A América Latina tornou-se um dos focos da política externa americana na segunda metade do governo Donald Trump, especialmente as crises na Venezuela e na Nicarágua, além de uma piora nas relações com Cuba. Ao comentar essa nova política, em março, o assessor de Segurança Nacional, John Bolton, declarou que “a Doutrina Monroe estava bem viva”.
Ao ensinar sobre a Doutrina Monroe, alguns professores de história costumam brincar com o duplo sentido da frase “A América para os americanos” – seria a América para todos os seus habitantes ou apenas para os americanos? Em 1823, quando James Monroe lançou a doutrina, os EUA, independentes desde 1776, eram o “irmão mais velho” das nações latino-americanas que recentemente haviam se separado de Portugal e Espanha. A tese do presidente americano foi vista na região como um libelo em defesa dos ideais iluministas e republicanos.
Historiadores americanos que estudam a influência da Doutrina Monroe sobre a política externa do país apontam uma mudança na tese a partir da Guerra Hispano-Americana (1898-1902). Na ocasião, os EUA deixaram de ser antagonistas das metrópoles europeias para aderirem ao neocolonialismo característico da virada do século 19 para o século 20.
Após a Guerra Civil (1861-1865), os americanos rapidamente aceleraram seu desenvolvimento econômico na segunda metade do século 19. As repúblicas sul-americanas, por sua vez, eram importantes exportadores de commodities que interessavam a Washington. Era a oportunidade para que a doutrina fosse adaptada para “América para os norte-americanos”.
“Na prática, os EUA venceram a guerra com a Espanha, em 1902, mas acabaram perdendo a disputa ideológica”, disse ao Estado o historiador Karl Walling, professor da Universidade Naval de Guerra dos EUA. “O país aderiu ao imperialismo nos mesmos moldes de potências europeias, como Espanha, Portugal e Inglaterra.”
Esse tom mais belicoso americano em relação a seus interesses na América Latina, segundo Welling, se refletiu no chamado Corolário Roosevelt, criado pelo presidente Theodore Roosevelt, em 1903, como um complemento à Doutrina Monroe – resumido na frase: “Fale macio, mas leve um porrete”.
“O que pouca gente se lembra é que, apesar do Canal do Panamá e da invasão da República Dominicana, o que motivou o Corolário Roosevelt foi o bloqueio anglo-germânico à Venezuela, em 1903. A Venezuela estava afundada em dívidas e não conseguia pagar seus credores internacionais.

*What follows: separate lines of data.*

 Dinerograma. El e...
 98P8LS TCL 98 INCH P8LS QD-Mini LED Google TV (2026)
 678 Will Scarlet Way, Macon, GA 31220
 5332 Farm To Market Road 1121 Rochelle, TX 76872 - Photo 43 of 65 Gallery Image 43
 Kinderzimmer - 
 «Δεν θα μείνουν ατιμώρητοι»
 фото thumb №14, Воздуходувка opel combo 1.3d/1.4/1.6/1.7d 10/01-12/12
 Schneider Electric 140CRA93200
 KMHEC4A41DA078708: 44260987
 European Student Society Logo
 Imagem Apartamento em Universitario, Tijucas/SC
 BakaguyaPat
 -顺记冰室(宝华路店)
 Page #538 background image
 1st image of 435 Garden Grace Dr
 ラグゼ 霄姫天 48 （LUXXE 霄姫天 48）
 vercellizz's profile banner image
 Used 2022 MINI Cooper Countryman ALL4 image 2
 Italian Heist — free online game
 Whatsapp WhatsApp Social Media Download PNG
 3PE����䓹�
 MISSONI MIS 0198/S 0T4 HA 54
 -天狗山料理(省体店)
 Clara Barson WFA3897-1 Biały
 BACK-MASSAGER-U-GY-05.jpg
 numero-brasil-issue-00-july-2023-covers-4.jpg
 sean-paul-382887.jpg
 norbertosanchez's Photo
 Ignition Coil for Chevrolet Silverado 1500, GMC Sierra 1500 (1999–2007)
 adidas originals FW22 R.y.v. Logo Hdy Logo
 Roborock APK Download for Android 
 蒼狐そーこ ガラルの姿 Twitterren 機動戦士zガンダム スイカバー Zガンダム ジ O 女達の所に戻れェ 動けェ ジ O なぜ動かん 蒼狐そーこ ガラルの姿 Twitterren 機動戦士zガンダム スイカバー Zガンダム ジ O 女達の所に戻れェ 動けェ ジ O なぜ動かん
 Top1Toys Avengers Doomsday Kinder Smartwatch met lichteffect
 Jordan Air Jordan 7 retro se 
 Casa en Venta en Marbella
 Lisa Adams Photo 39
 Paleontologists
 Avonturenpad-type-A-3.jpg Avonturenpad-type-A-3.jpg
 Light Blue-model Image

A partir daí, os EUA se diziam dispostos a intervir em países endividados – com auxílio financeiro ou até mesmo militar – para impedir a ingerência britânica e alemã”, explica o historiador. “Um contexto surpreendentemente parecido com o atual.”
Se as potências europeias disputavam com os EUA a hegemonia sobre Cuba e Venezuela, no começo do século 20, no início do século 21, esse papel é de russos e chineses. “A China guarda similaridades com os britânicos do século 19, principalmente nos profundos laços comerciais e de investimentos com os países latino-americanos”, diz Walling.
Commodities
No século 19, a demanda por commodities para fábricas fez o investimento britânico na América do Sul disparar, com a construção de ferrovias e a modernização de cidades como Buenos Aires, Santiago, Rio de Janeiro e Caracas. No século 21, foi a vez de os chineses comprarem ferro e soja e investirem em portos, estradas e aeroportos.
“A grande diferença, na verdade, é o comportamento americano”, ressalta Walling. “O Corolário Roosevelt implicava em investimentos e parcerias comerciais. O governo atual dos EUA prefere apostar em guerras comerciais, uma medida temerária adotada após a crise de 1929 que foi uma das causas da 2.ª Guerra.”
Para Jay Sexton, autor de A Doutrina Monroe – Império e nação no século 19, há um componente doméstico importante na aplicação da doutrina – e a própria frase de Bolton é um lembrete disso. “No governo anterior, John Kerry (secretário de Estado de Barack Obama) disse que a doutrina estava morta. Bolton e sua política para a América Latina é uma resposta direta a isso.”